ORLANDO, Fla., March 22 (UPI) — NASA’s plan to fly a helicopter on Mars for the first time in a few weeks could start a new era of interplanetary exploration like the space agency’s little Sojourner rover did in the 1990s, according to several experts.

The Mars helicopter, Ingenuity, will be dropped from the Perseverance rover soon, but NASA hasn’t determined the exact date. The rover ejected a shield that covered the helicopter over the weekend.

Ingenuity is purely a demonstration like Sojourner was, but it will provide images of the surface around the Perseverance rover.

Depending on its success, NASA may be able to use helicopters to explore Mars faster, said Robert Zubrin, founder and president of the non-profit Mars Society, which advocates for Martian exploration.

“Rovers are great, but they’re slow,” Zubrin told UPI. “A rover might go 600 feet in a day, but a helicopter could fly 600 feet in a few minutes and possibly more than 100 miles in a day at some point.”

 

Zubrin said Ingenuity is one of the most exciting elements of the Perseverance rover, which landed on Mars on Feb. 18. The rover and the helicopter made the 300 million-mile journey after being launched from Florida in July.

Zubrin said he and the society’s 5,000 members eagerly anticipate seeing Ingenuity fly. The little helicopter weighs only 4 pounds, but has dual solar-powered rotors 4 feet in diameter to lift it in the thin Martian air.

“We would use helicopters as drones for reconnaissance for human explorers in the future,” he said. “We could even use a combination of helicopters and robots to help set up human habitats on Mars before people arrive.

“Ultimately, it’s conceivable that astronauts could travel around Mars in helicopters — but they’d have to be much bigger and more powerful.”

Mars has a surface area equivalent to Earth’s continents, so more efficient means to explore it are important, said Ray Arvidson, professor of Earth and planetary sciences at Washington University in St. Louis. He has been involved in every Mars mission since Viking landed on Mars in 1976.

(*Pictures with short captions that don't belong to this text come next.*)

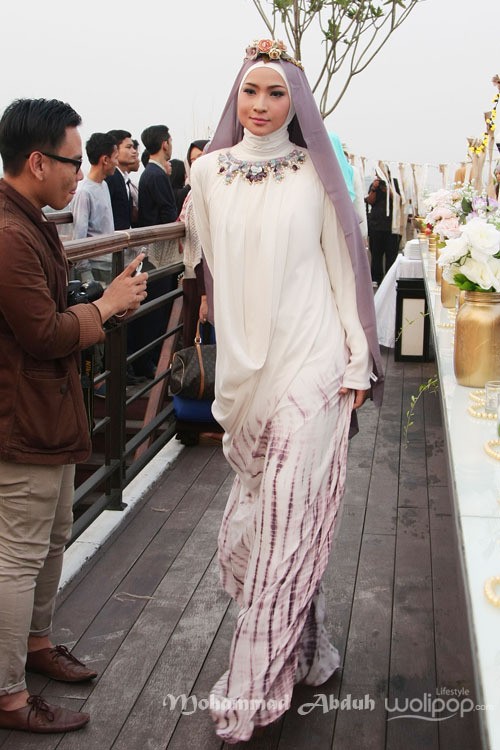 Dian Pelangi Trunk Show 2015 LUMINOORA at The Hermitage Hotel. Menteng. Jakarta. [Foto: Mohammad Abduh/Wolipop]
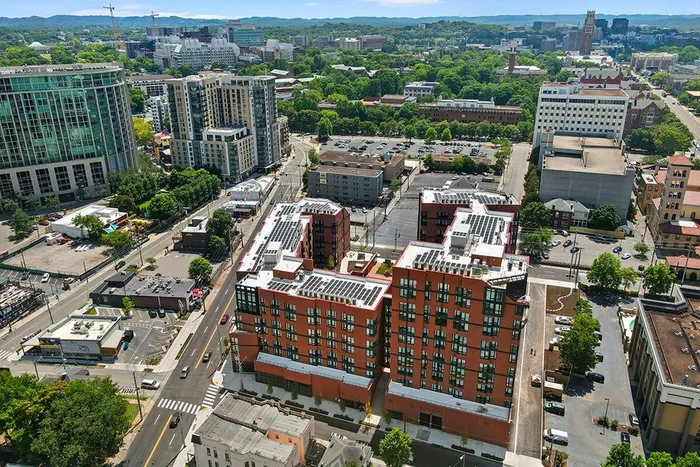 The Broadview at Vanderbilt Exterior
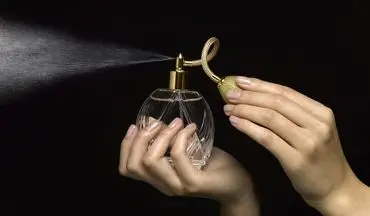 عطر را کجا بزنیم که ماندگار باشد؟ پوست یا لباس؟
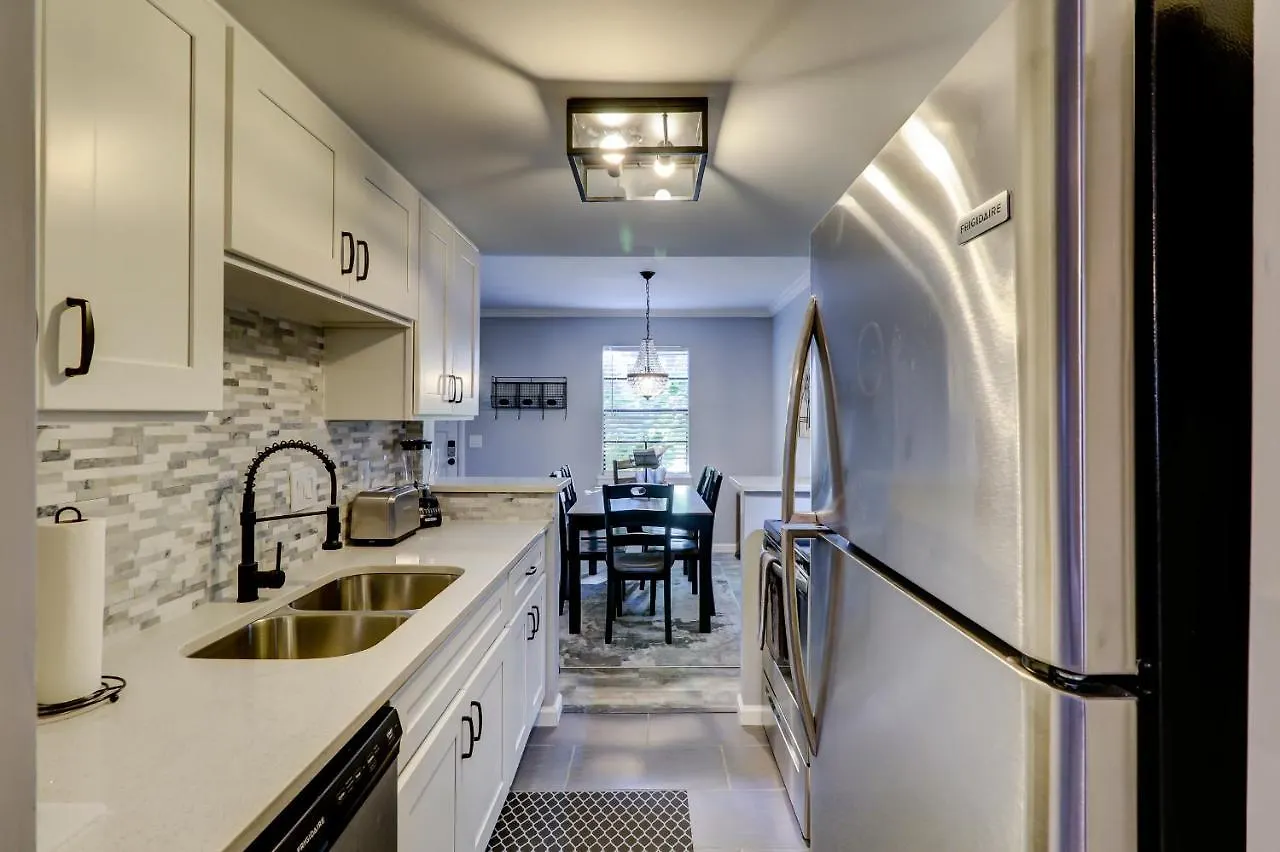 #82 Spectacular Ideal Location 2bdr/2parking Holiday home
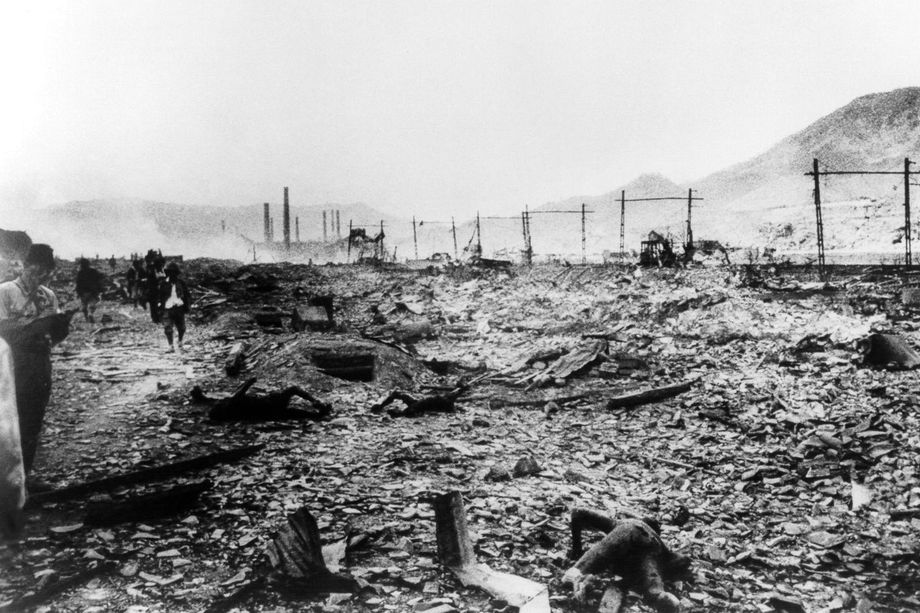 Нагасаки. Эпицентр взрыва. 10 августа 1945 года. Армейский фотограф Йосуке Ямахата: «Дул тёплый ветер. Тут и там вдали я видел небольшие пожары, похожие на эльфийские, тлеющие: Нагасаки уже был разрушен до основания»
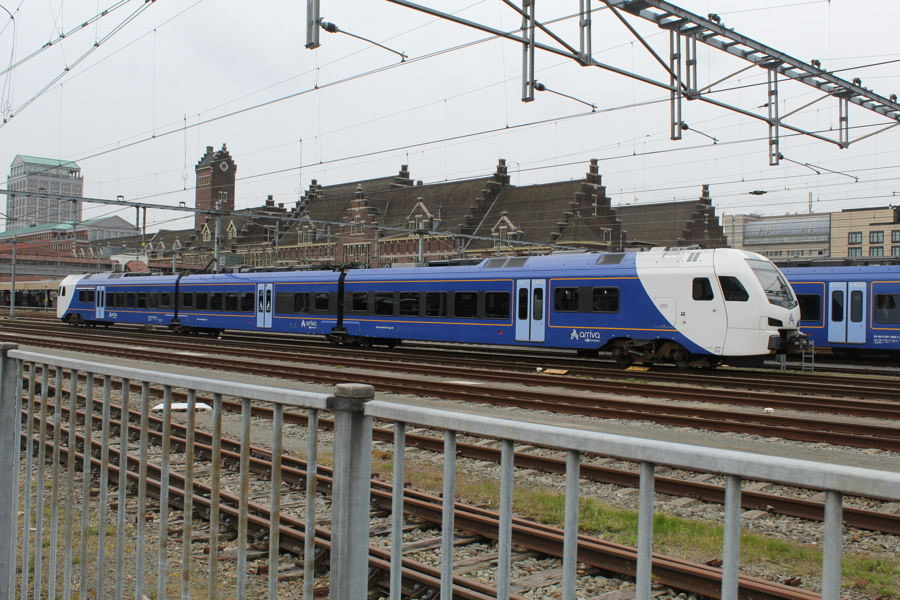 553
(94 84 4 040 553-8 NL-AN)
Stadler Rail, *2016 • FLIRT 3 • 3-car • 1500 V DC / 3000 V DC / 15000 V AC
Maastricht AN_ET3_553_FLIRT3_Masstr.JPG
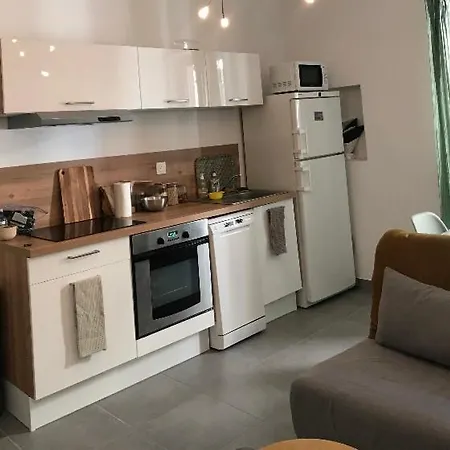 דירה T2 Centre Ville Proche Port De Commerce בסטיה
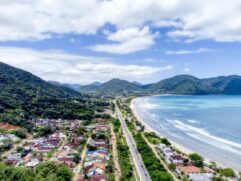 Ministério Público Federal (MPF) pede pela demolição de três casas de luxo construídas à beira-mar em Ubatuba, no litoral de São Paulo
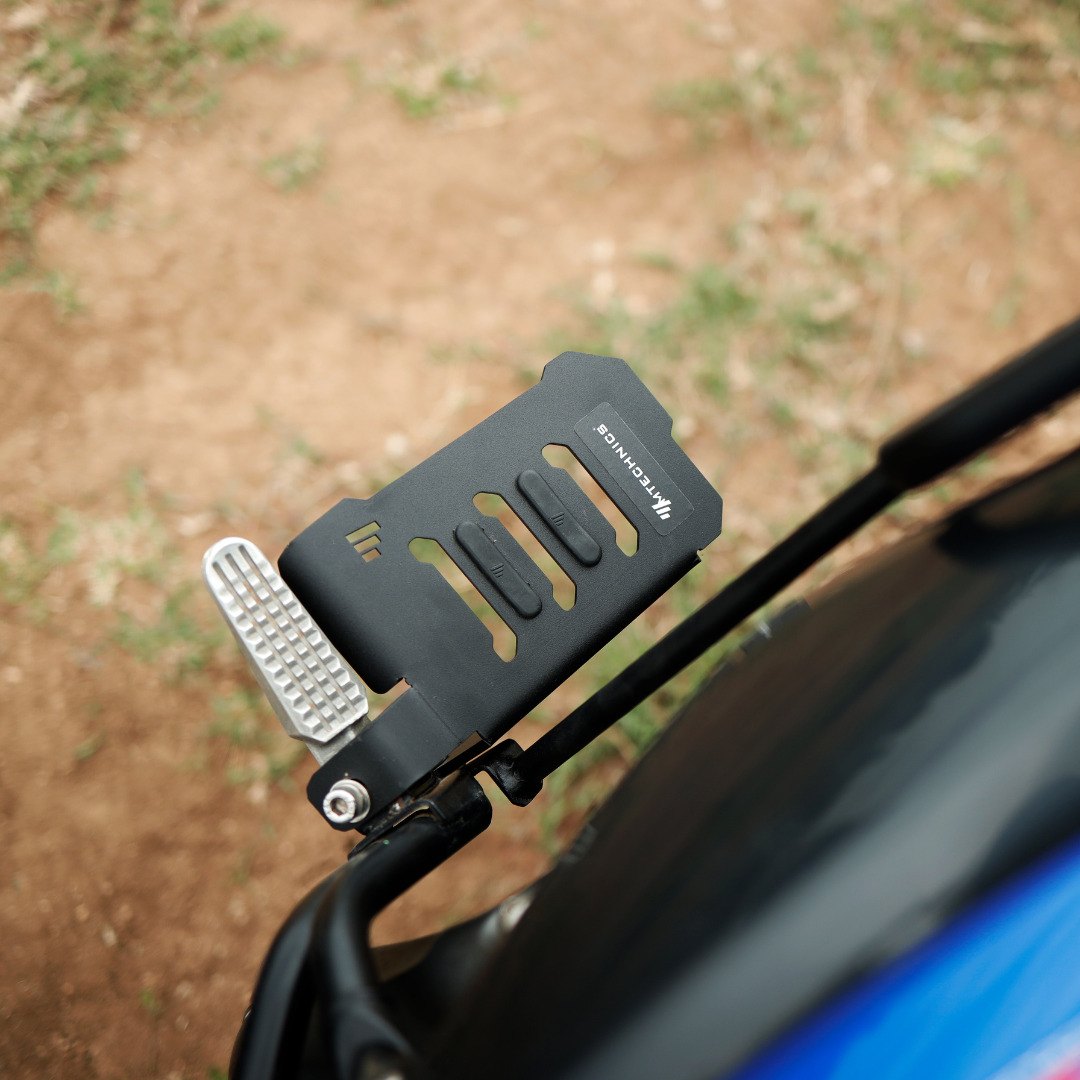 XPULSE 210 PILLION FOOTREST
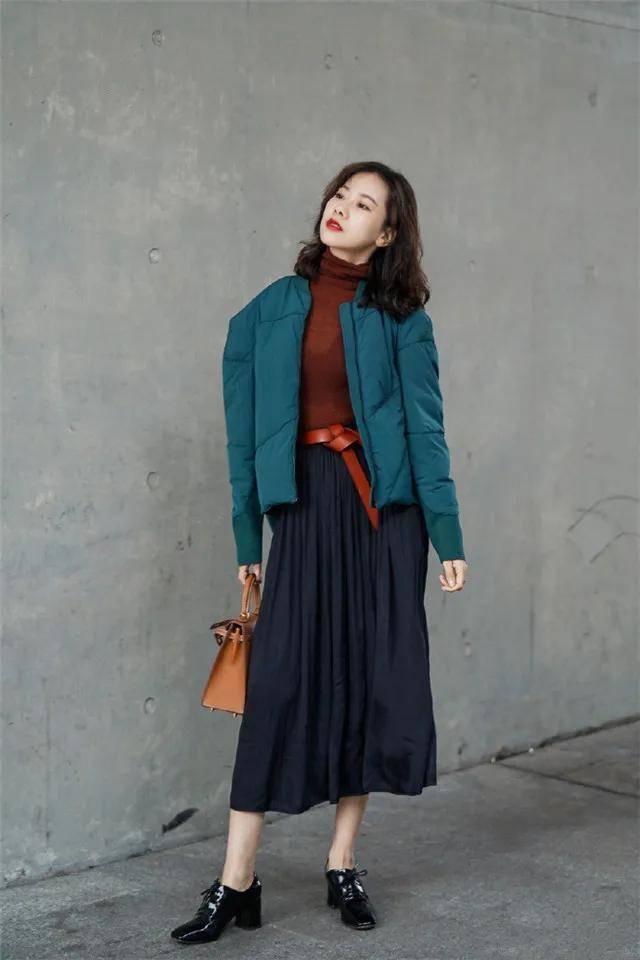 身材 不管大衣还是羽绒服,切忌拖沓花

“If the helicopter experiment is a success, it opens up new avenues for exploring the planet, with very detailed reconnaissance from an airborne platform complementing rovers on the ground,” Arvidson said.

 

Such aerial views will allow more efficient characterization of Mars’ “rich and complicated geologic history,” he said.

It remains to be seen if Ingenuity will provide images of the terrain that could help guide Perseverance through Jezero Crater, where it landed, said Kirsten Siebach, assistant professor of planetary geology at Rice University in Houston.

Such help for the rover isn’t a goal for the helicopter, but it could happen, she said.

Even on Earth, geologists often use flying drones to scout difficult terrains like canyons, cliffs or volcanoes, she said.

“If you can’t quite see a rock, or you can see it off in the distance, you can fly a drone there to help you figure out if it’s worth going there,” Seibach said. “Future rovers may be paired with drones to aid navigation.”

She noted that Perseverance’s main goal is to find rocks that provide evidence of past life on Mars. The rover will drill rock samples that NASA intends to retrieve and send back to Earth on future missions.

Siebach hopes to examine those samples one day.

“A success with Ingenuity would just open up the possibilities for the next generation of spacecraft to provide a new angle on Mars that we’ve never seen before,” she said.